Yeah. It creates a feel more than HD does, I think. It also depends who does it. Not everyone can film in standard def, or with like a VX, and make something and put it out. A lot of people will do that. They’ll think, “I have the recipe now. I’ve got a VX, everything I do is gonna be sick.” They put shit out and it just looks like garbage. At least they’re not using a GoPro or some shit.
(Laughs) It does seem like a lot of people are trying to capture the whole ‘90s vibe – constant fisheye, trying to make it looks as budget as possible to try and copy things like Strange Creatures, Haitian, things like that.
It also goes with the skating that these different crews are doing. There’s certain spots where they’re doing a lot of lines, or random, more creative stuff, you have to film that fisheye and you have to know how to use a fisheye, and you have to use a good fisheye. If you use a DSLR, it’s just gonna look like shit no matter who you are. I think that’s why a lot more of the standard def stuff is getting popular right now. You can use a good HD fisheye too, if you’ve got the money for it. Just because you have it doesn’t mean you’ve got it.
Another random question from someone on Facebook – name your top five favourite musicians.
I don’t know… I don’t listen to that much stuff at the moment. I don’t have a computer, so I don’t download music all the time. I have old CDs. I used to buy CDs a lot. Other than that, I listen to some shit on YouTube occasionally. When I drive, I just listen to the radio, pop stations and…
“If you use a DSLR, it’s just gonna look like shit no matter who you are. I think that’s why a lot more of the standard def stuff is getting popular right now.”
Do you have a car now or are you still on the scooter?
I have a little truck. My Vespa got stolen.
What happened there?
(Laughs) It’s Kansas City; it’s a hood city. It just got stolen in front of the crib. My ex-girlfriend’s scooter got stolen too. Sean Kelso’s scooter got stolen. Sean’s was locked up too. It was locked and it still got popped.
I didn’t realise Kansas City was like that. I’ve been there as a kid but that was a long time ago.
It’s hood. I was kind of asking for it too. If you have a nice scooter, if someone knows what a Vespa is, and it’s sitting out overnight and unlocked… That was my bad.
I can’t imagine a scooter would be that hard to steal either.
Yeah, you just need like three or four jacked dudes and a pick up truck, or a van. You just lift it up and put it in. I made a police report and everything, but nothing happened. I had it for like eight years too, man. It was such a bummer.
But you’re driving a truck now.
It’s like a little quarter…it’s small. I try not to drive it that much. Lately I’ve just been walking around town. I only drive when I have to go over to Amir’s house with my skates and my camera and shit. If people are in town… I drive to hockey.
To play hockey or to watch hockey?
To play hockey, yeah.
Are you still doing that regularly? Is it full contact?
Once a week, sometimes I play twice a week. It’s a men’s league, but no contact. The occasional contact, here and there, but you get a penalty usually. Temper’s flair, but…
It’s usually the highlight of my week.
It sounds like you have set up home in Portland and you’re really enjoying it.
Oh, yeah.
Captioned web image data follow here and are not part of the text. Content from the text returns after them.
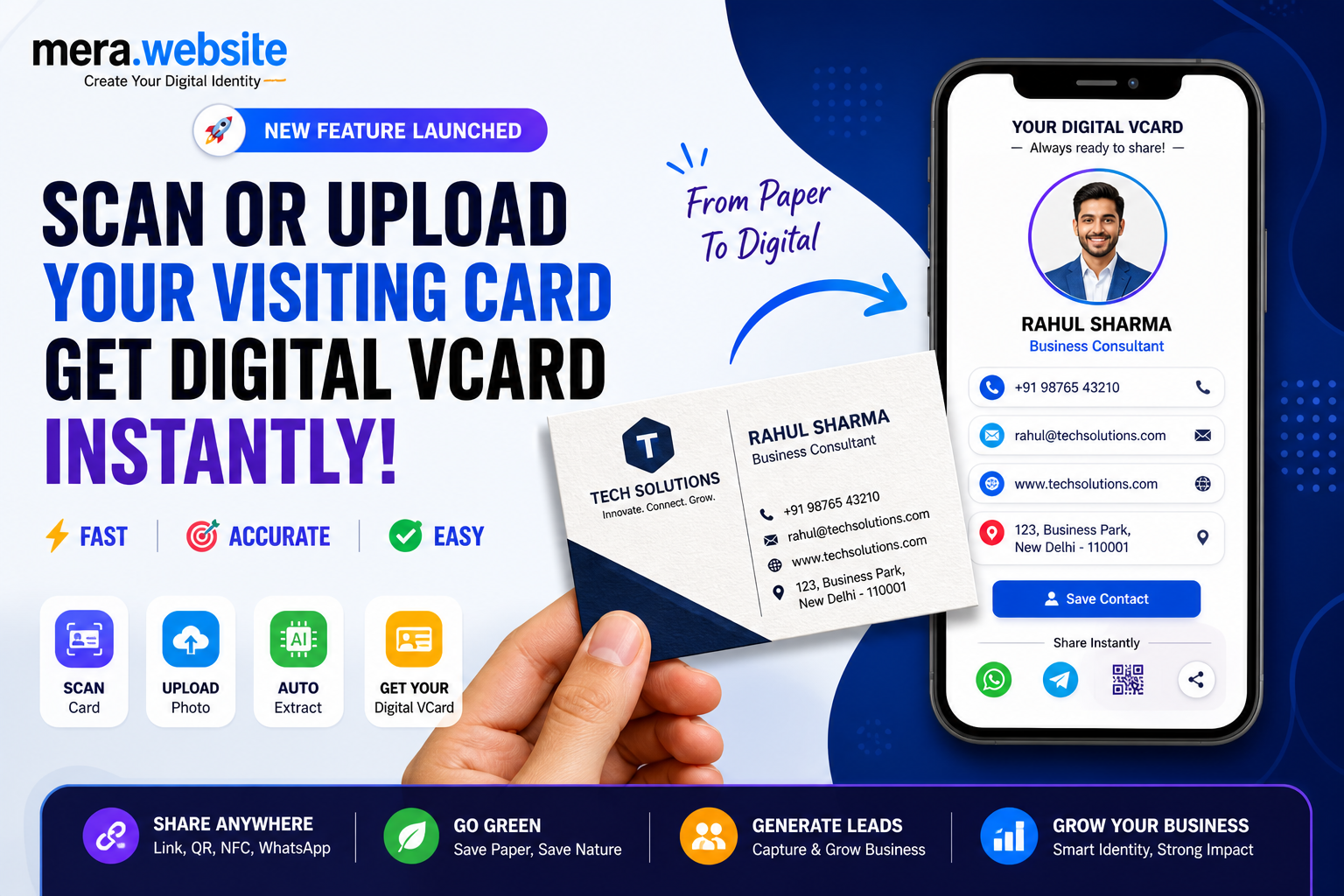 🚀 Turn Your Paper Visiting Card into a Digital VCard in Seconds!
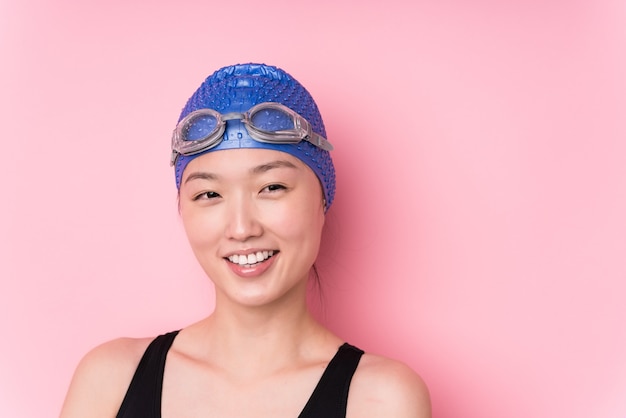 Photo young japanese swimmer woman face closeup isolated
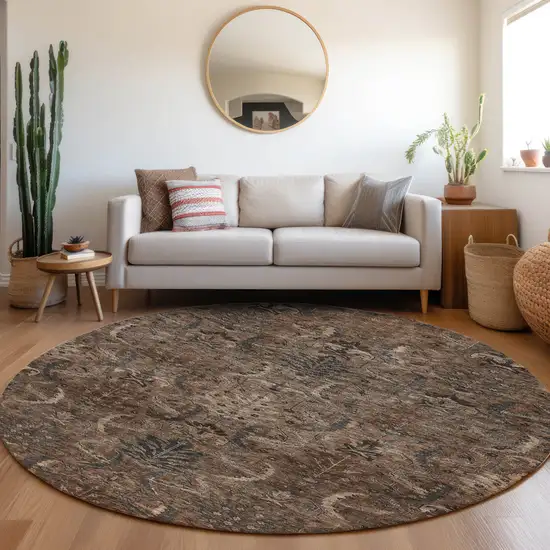 8' Brown Tan And Charcoal Round Damask Washable Indoor Outdoor Area Rug Photo 8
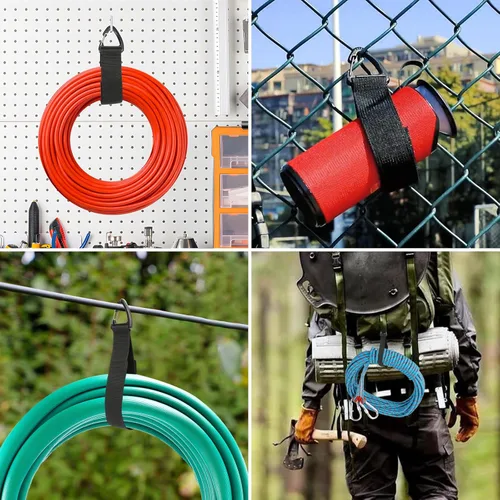 Miniatura 4 de Organizador de cables de extensión (paquete de 8), soporte de cable de extensión para organización y almacenamiento de garaje, correas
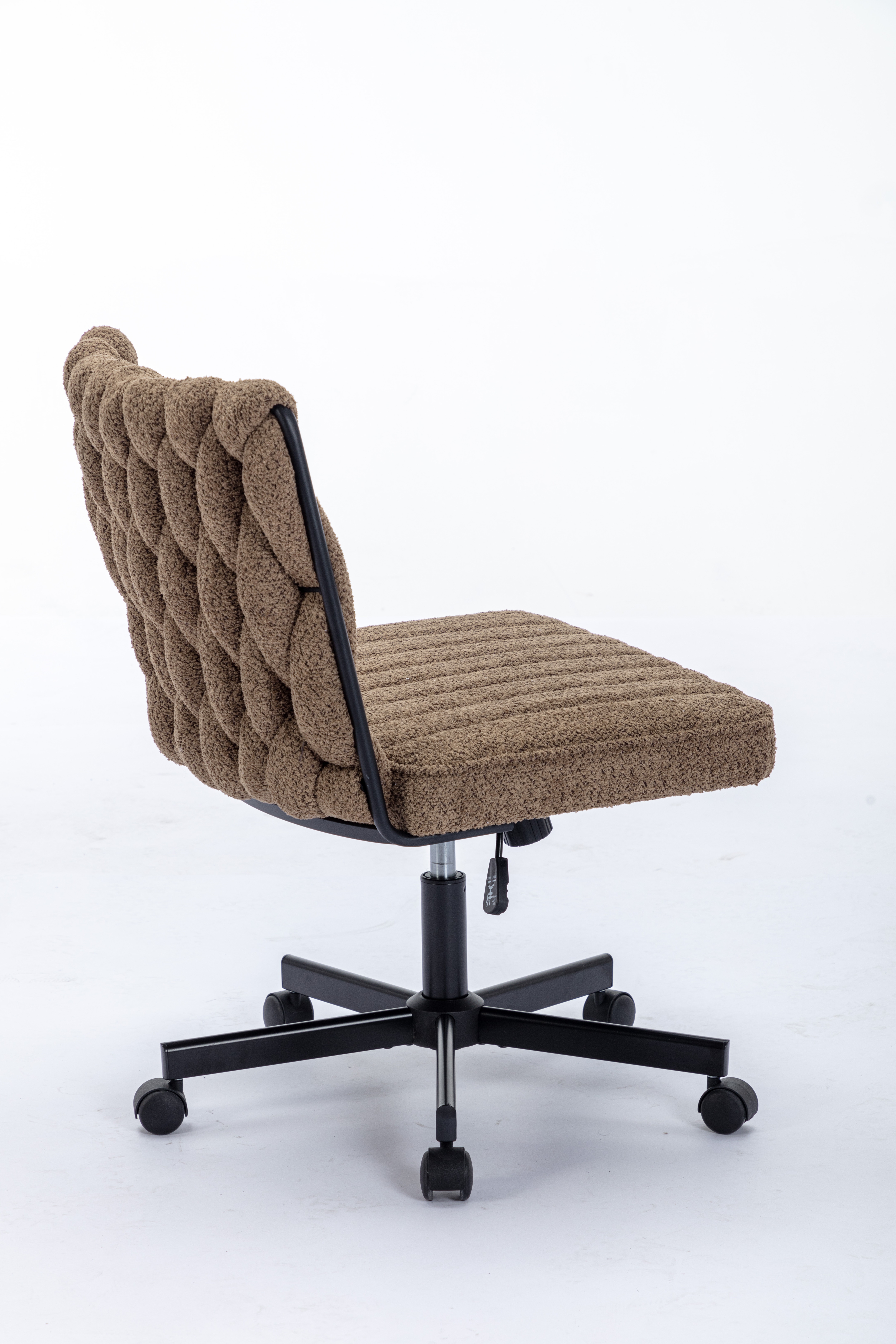 Criss Cross Legged Office Desk Chair With Wheels, Modern Armless Desk Chair With Wide Seat, Home Office Chairs For Work, Meditation, Vanity,Brown_voghion.com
It’s a very easy place to enjoy. It’s good.
What are your plans for the rest of the year?
I’m trying to go places. I was trying to go to Europe for Blade Days, Roskilde and stuff, but that didn’t work out. I had to move out of my apartment when that was happening. I really want to do something with Ryan Gillet for Cidy Life, so hopefully we can plan something out. I really want to make something with him. The Dead video, whenever that happens. Other than that, I’m going to the James Short Memorial in August. Other than that, no plans. It just means I have a lot of time.